I know the an EXTERNAL would be better, but i'm not set up for it this time around.

Thanks 
Dave


----------



## Chuck (Nov 19, 2003)

koroshiya said:


> Hey i my actuactor is off a 1g Eclipse, set at 12 psi, i don't need that much on the first few days/weeks. Does anyone know what other stock turbo cars stock psi was, so i can go source me a lower psi actuator.
> I know the an EXTERNAL would be better, but i'm not set up for it this time around.
> 
> Thanks
> Dave


most nissan t25/t28's are around 7-8psi.. i think


----------



## dave_f (Dec 11, 2002)

you can get an electronic boost controller... or a cheaper manual variety, that might be easier than trying to adapt another cars wastegate onto your turbo. If you have a boost gauge you can always use your right foot as a boost controller. one last option is to stack washers between where the wastegate attaches to the compressor housing... its kind of ghetto, but in some cases it works.
-dave



koroshiya said:


> Hey i my actuactor is off a 1g Eclipse, set at 12 psi, i don't need that much on the first few days/weeks.
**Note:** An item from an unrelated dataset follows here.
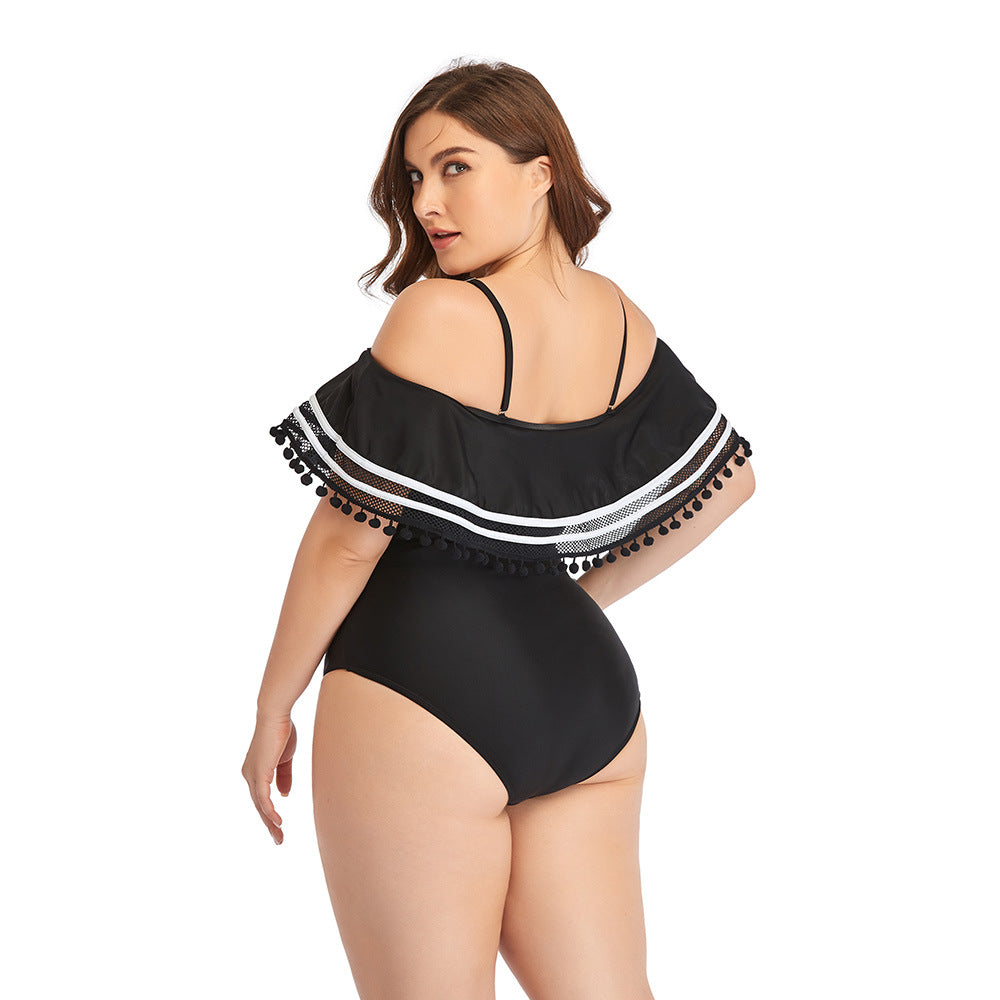Sexy Plus Taille Une pièce Bikini Maillot de bain Maillot de bain Factory Direct Maillot de bain Spot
Does anyone know what other stock turbo cars stock psi was, so i can go source me a lower psi actuator.
> I know the an EXTERNAL would be better, but i'm not set up for it this time around.
> 
> Thanks
> Dave


----------



## koroshiya (Dec 28, 2002)

I have a manuel boost controller, but i was told that it only allowed more that spring lvl boost, not less, is that wrong?

And how does this ghetto thing work, because the spring is already compressed a little, it take less to open or something like that?


----------



## dave_f (Dec 11, 2002)

wahsers id definetly arent the best way to go, but basically you idea is to limit some of the preload in your wastgate, so it take slightly less pressure to initiate its opening. 
your right a manual boost controller will only help you get more boost.... 
now that you mention it I dont know if you could even make use of an electronic controller with a conventional stock wastegate.
finding a different wastegate, modifying your current one, or using your throttle as a boost regulator are your best options.
-dave


----------



## koroshiya (Dec 28, 2002)

Thanks for the help DaveF, i think i can find a t3 wasteactuator aqt the junk yard, then mod it to fit will be easy.

Dave


----------